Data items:
Start of Block
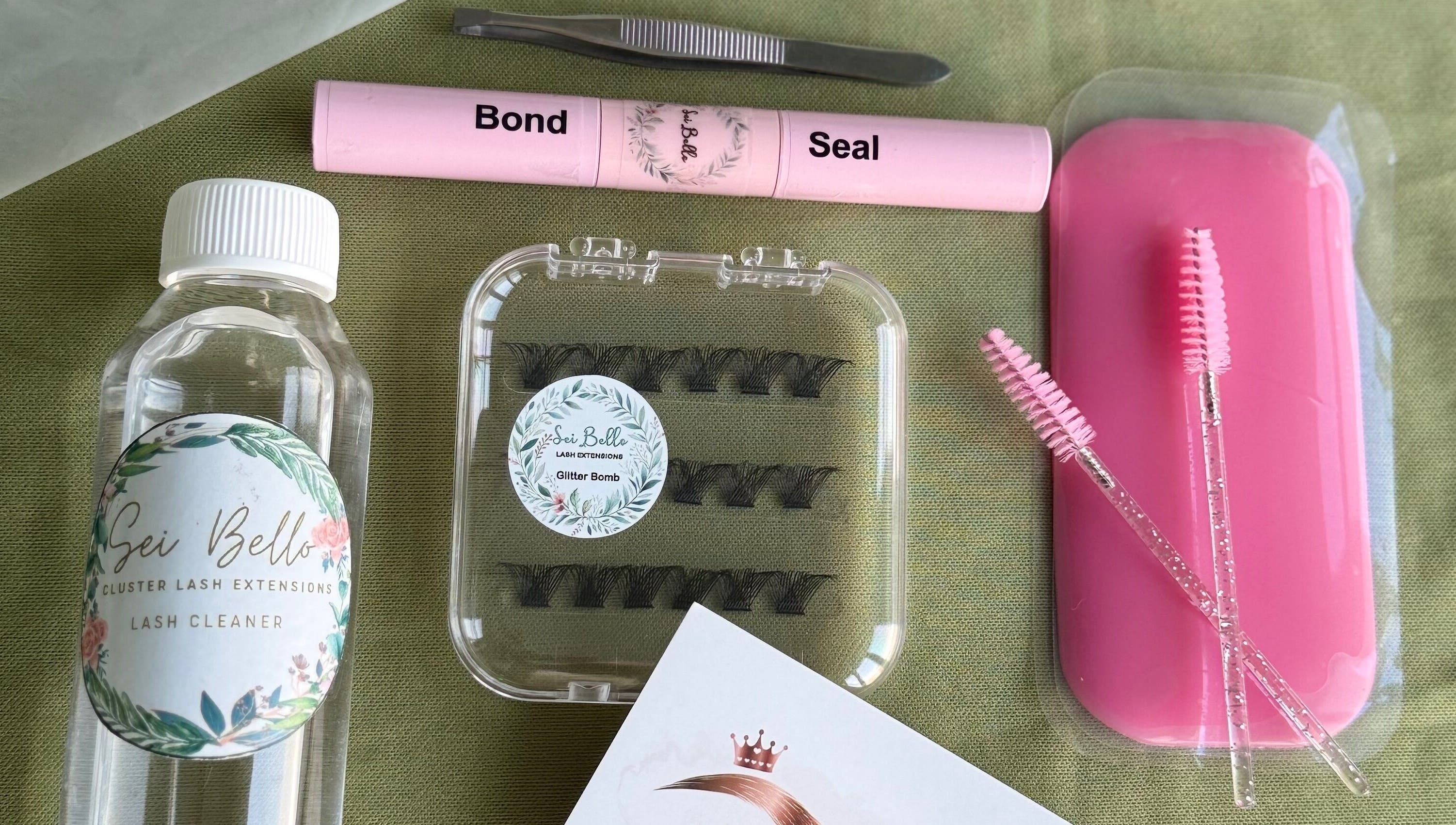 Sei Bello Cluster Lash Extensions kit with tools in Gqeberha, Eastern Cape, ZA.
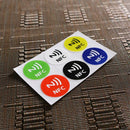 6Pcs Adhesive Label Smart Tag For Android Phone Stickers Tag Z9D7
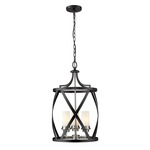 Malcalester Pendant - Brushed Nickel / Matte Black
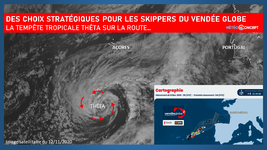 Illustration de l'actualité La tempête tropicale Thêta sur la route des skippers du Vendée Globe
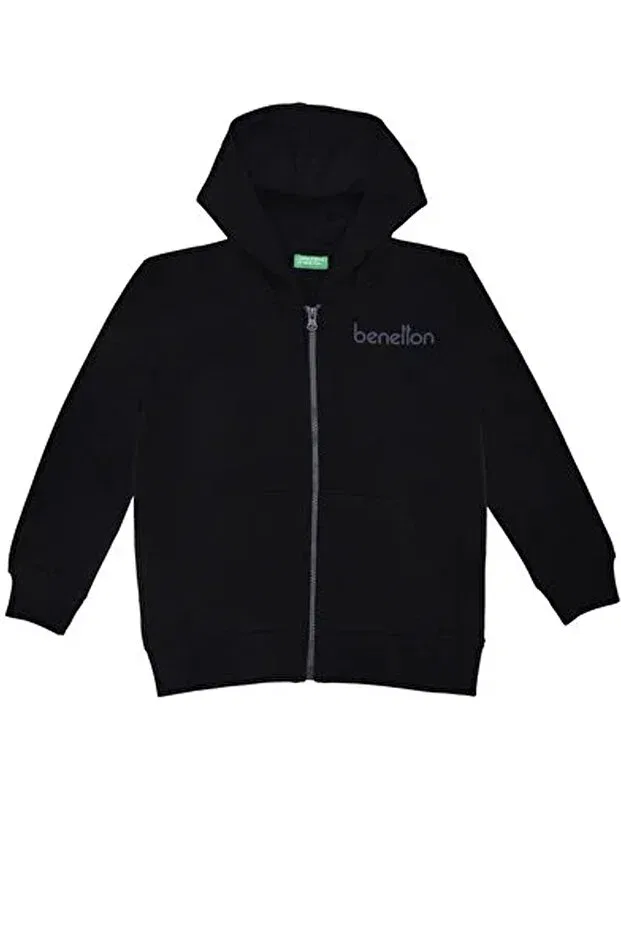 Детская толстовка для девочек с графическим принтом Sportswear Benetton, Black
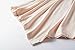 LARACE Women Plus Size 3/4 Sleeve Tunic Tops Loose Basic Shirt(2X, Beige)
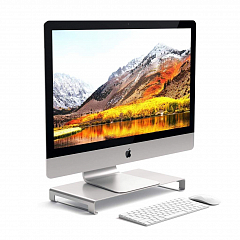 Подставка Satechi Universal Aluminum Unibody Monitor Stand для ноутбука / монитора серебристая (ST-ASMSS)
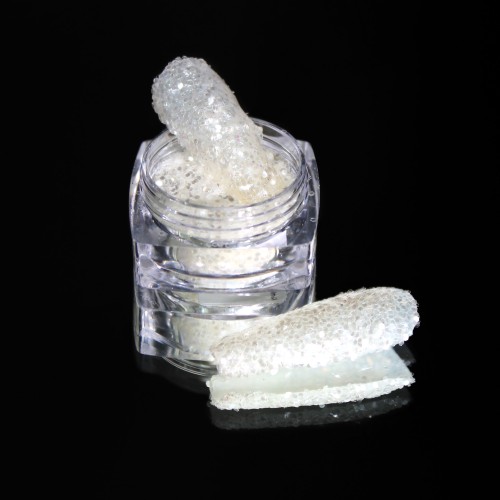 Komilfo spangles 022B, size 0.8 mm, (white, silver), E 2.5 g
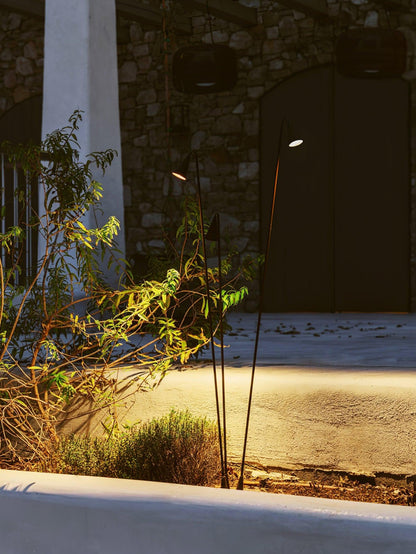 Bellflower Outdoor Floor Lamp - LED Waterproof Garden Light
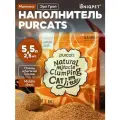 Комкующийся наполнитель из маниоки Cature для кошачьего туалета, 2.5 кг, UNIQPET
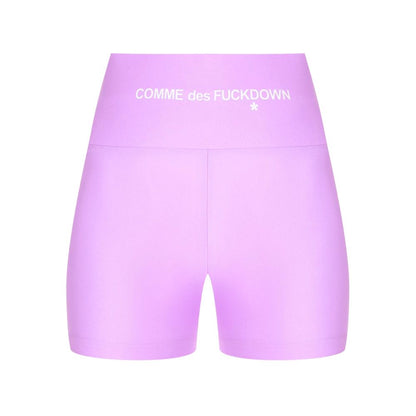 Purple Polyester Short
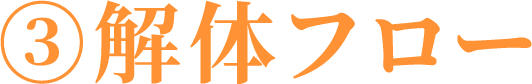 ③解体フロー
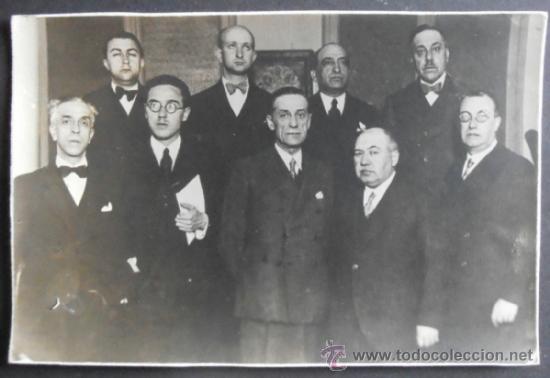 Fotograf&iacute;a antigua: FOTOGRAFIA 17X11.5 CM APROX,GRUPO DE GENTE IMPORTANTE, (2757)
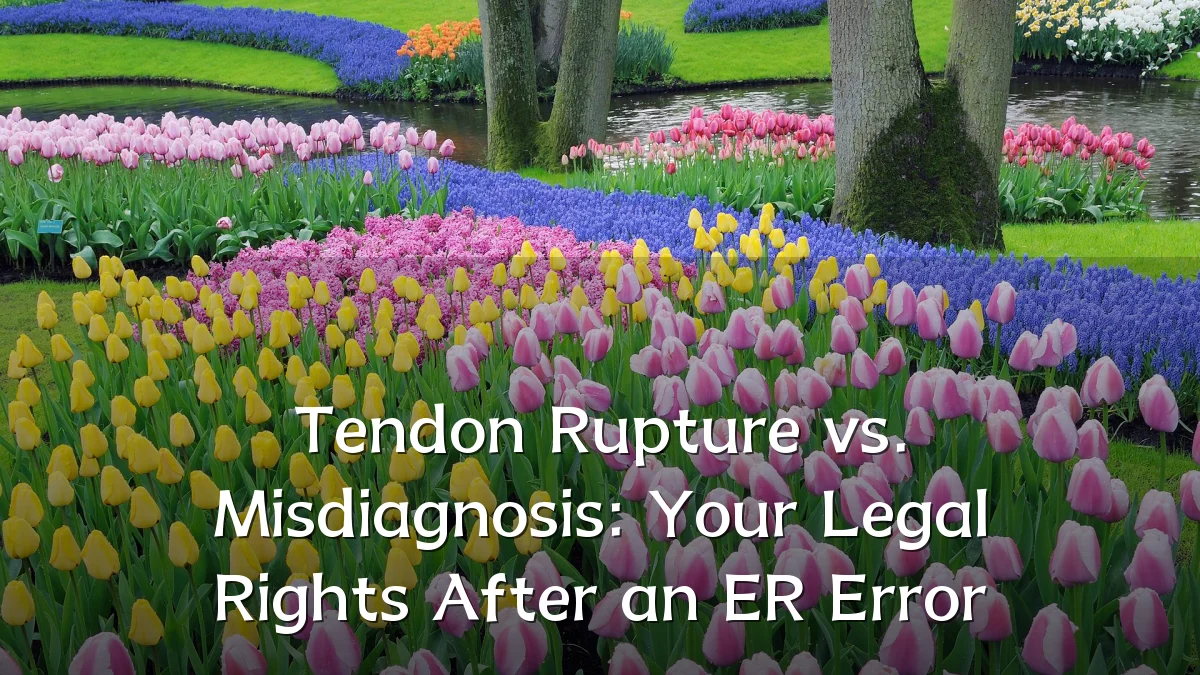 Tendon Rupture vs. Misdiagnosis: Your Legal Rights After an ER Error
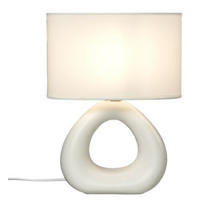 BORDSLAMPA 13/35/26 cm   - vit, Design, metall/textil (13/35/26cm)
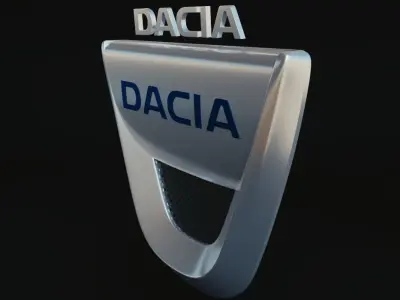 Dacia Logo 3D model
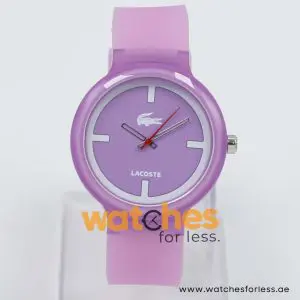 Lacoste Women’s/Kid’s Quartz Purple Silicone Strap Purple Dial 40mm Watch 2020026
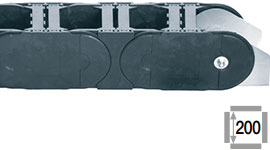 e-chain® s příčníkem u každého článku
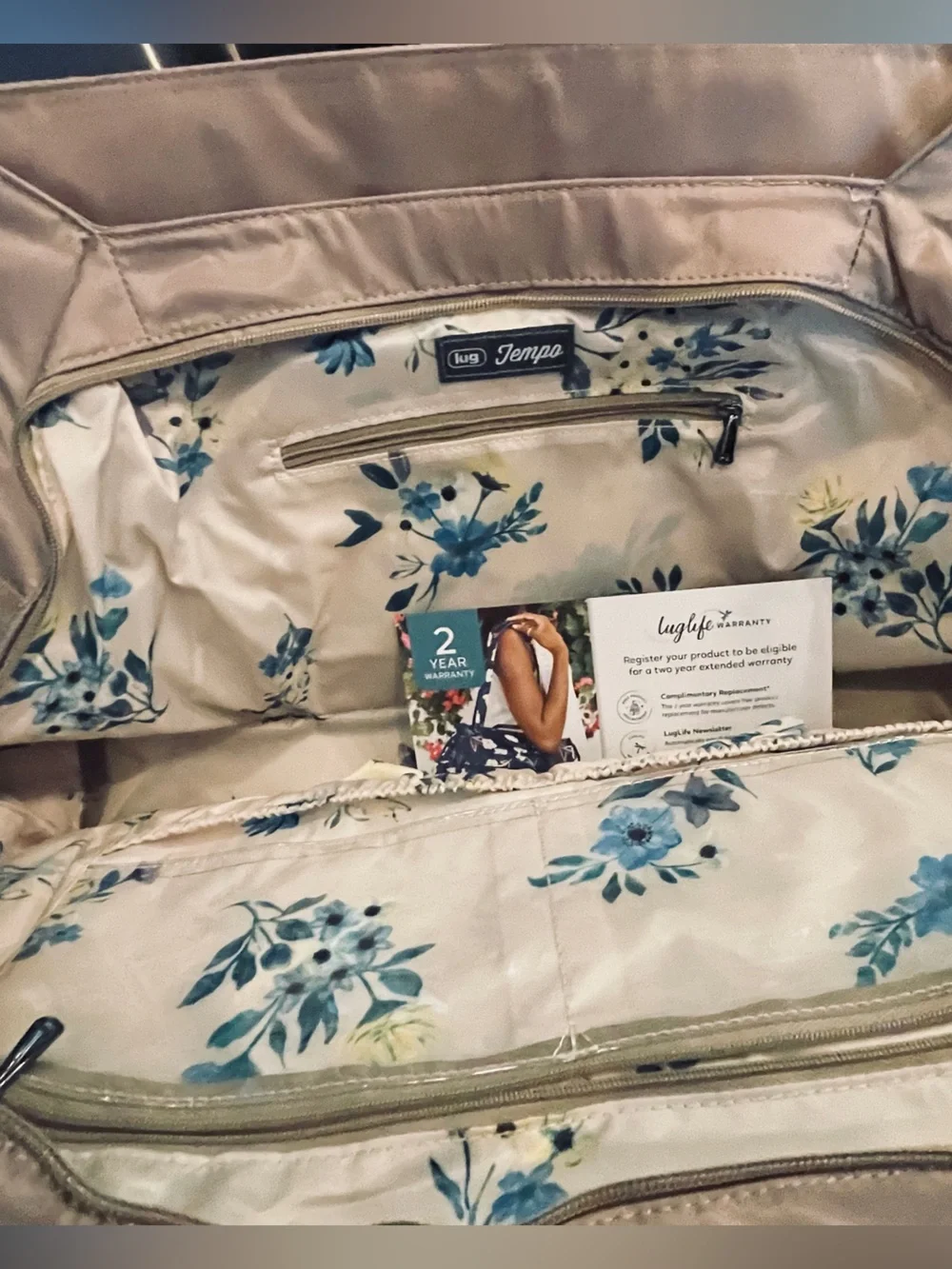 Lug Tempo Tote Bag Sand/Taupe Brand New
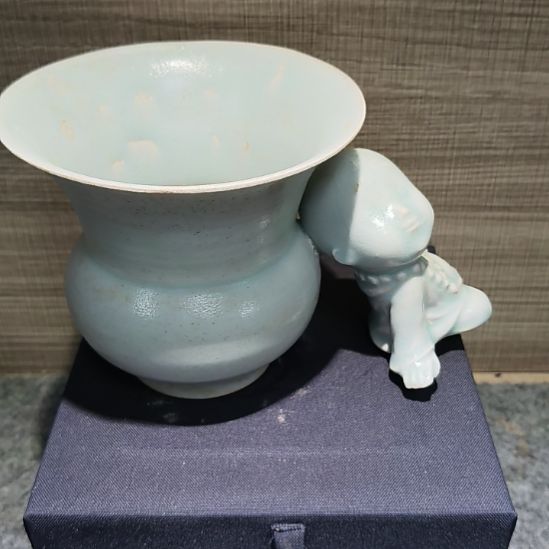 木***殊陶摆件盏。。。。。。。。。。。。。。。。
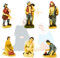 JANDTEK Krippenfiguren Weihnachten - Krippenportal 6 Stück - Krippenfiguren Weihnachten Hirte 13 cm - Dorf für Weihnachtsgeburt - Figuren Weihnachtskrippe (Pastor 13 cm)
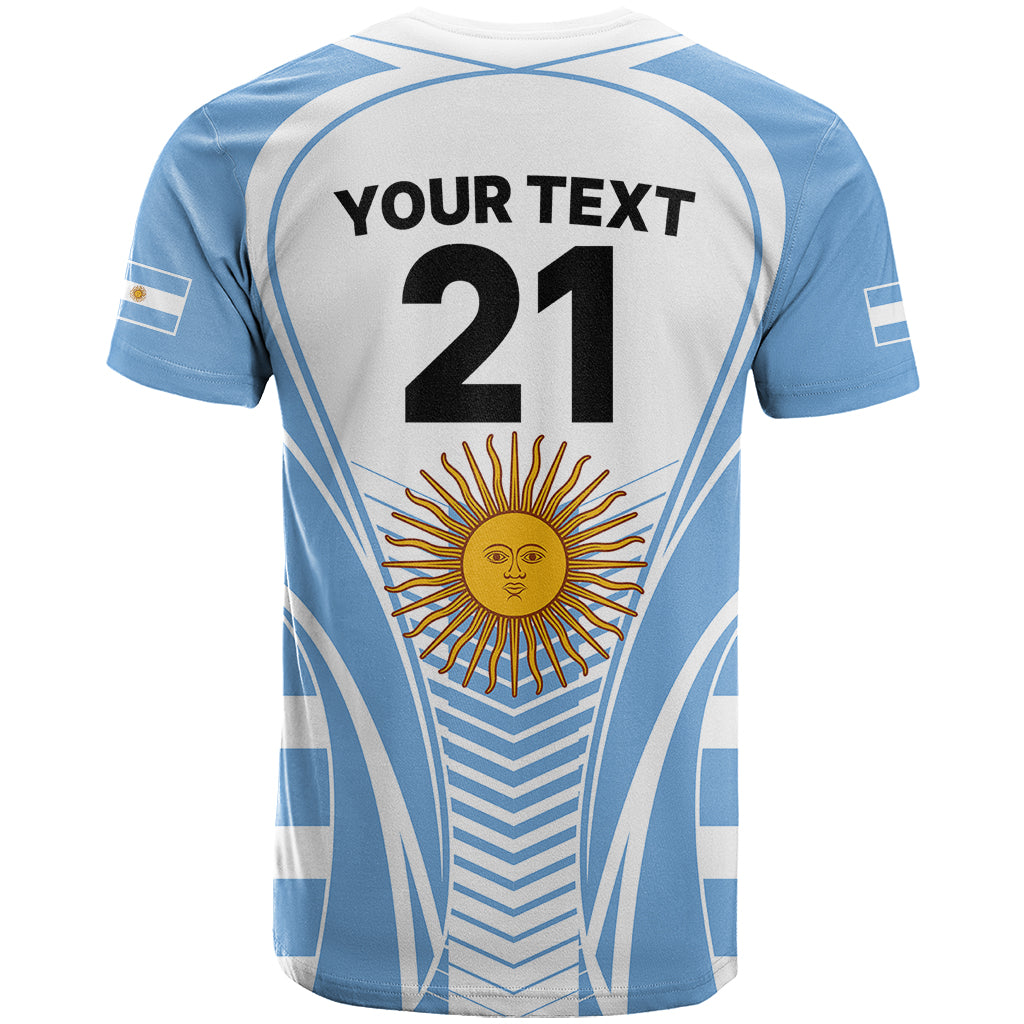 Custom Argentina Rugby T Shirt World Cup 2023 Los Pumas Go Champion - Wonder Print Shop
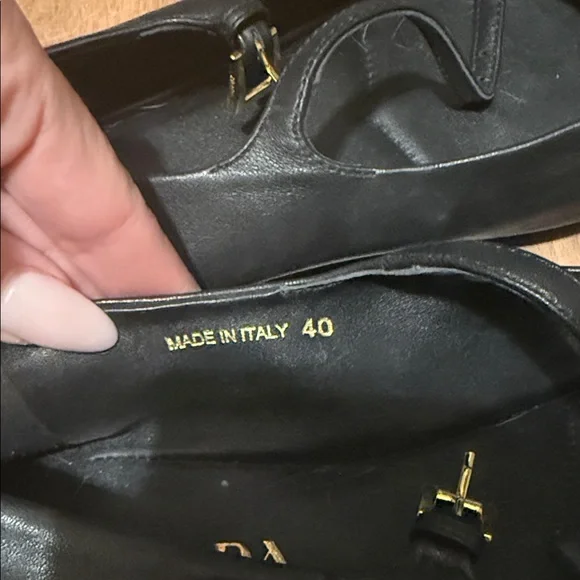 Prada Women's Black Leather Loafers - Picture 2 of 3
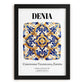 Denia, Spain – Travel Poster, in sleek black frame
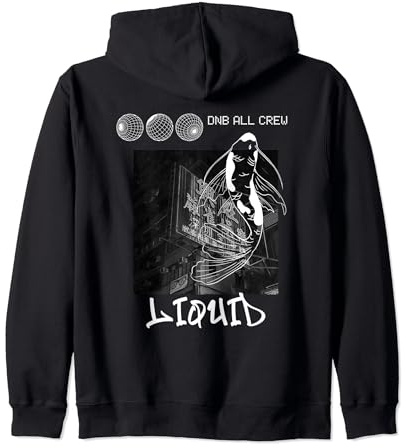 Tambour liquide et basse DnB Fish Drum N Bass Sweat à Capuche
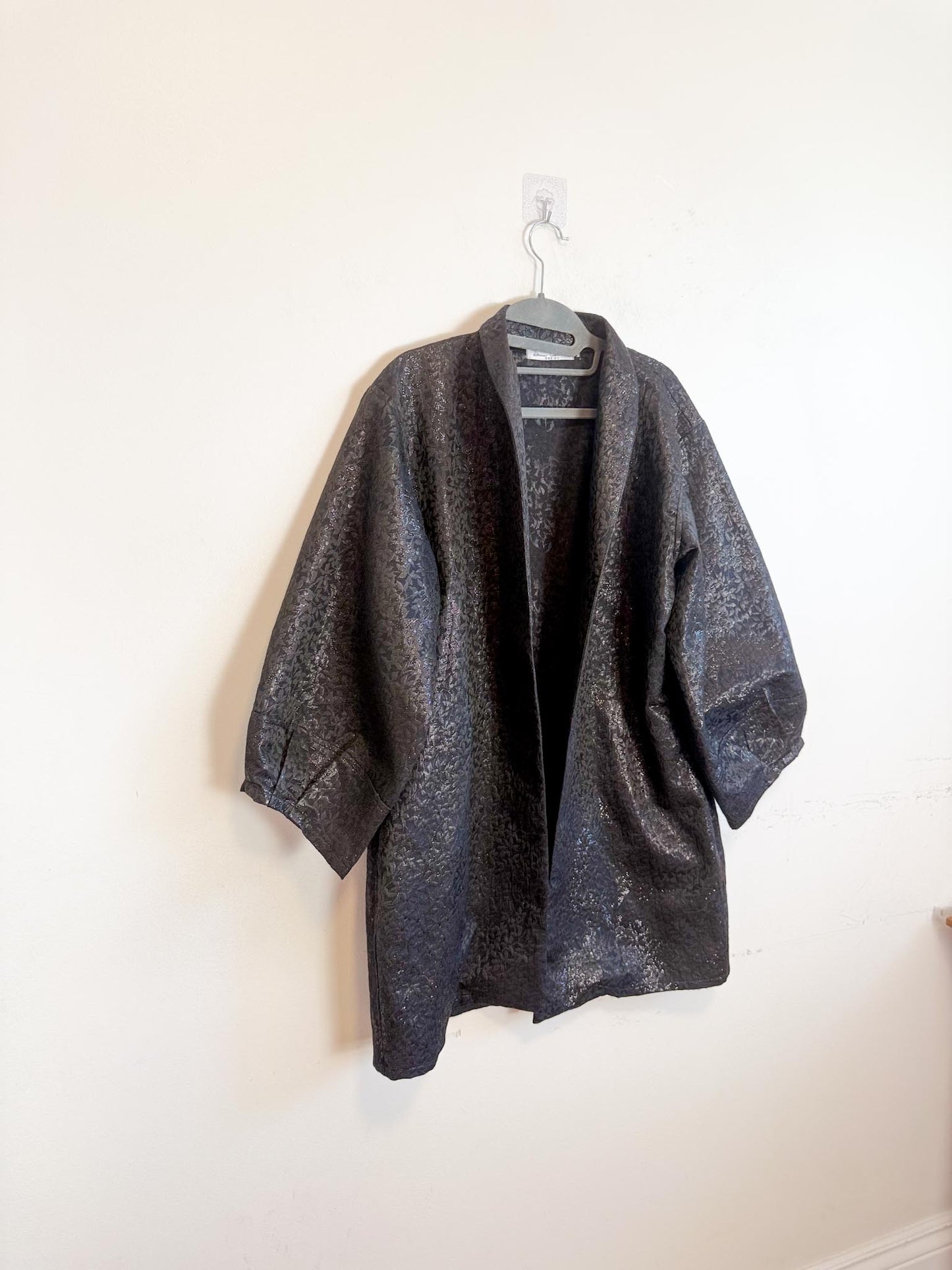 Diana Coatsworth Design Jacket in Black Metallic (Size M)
End of Block
TASK DIRECTIONS: The answer consists solely of the lines from the one holding "Lug Tempo Tote Bag Sand/Taupe Brand New" through the last line of the entries above, set down verbatim, without any pictures.

WRITTEN ANSWER:
 Lug Tempo Tote Bag Sand/Taupe Brand New
 木***殊陶摆件盏。。。。。。。。。。。。。。。。
 JANDTEK Krippenfiguren Weihnachten - Krippenportal 6 Stück - Krippenfiguren Weihnachten Hirte 13 cm - Dorf für Weihnachtsgeburt - Figuren Weihnachtskrippe (Pastor 13 cm)
 Custom Argentina Rugby T Shirt World Cup 2023 Los Pumas Go Champion - Wonder Print Shop
 Prada Women's Black Leather Loafers - Picture 2 of 3
 Denia, Spain – Travel Poster, in sleek black frame
 Tambour liquide et basse DnB Fish Drum N Bass Sweat à Capuche
 Diana Coatsworth Design Jacket in Black Metallic (Size M)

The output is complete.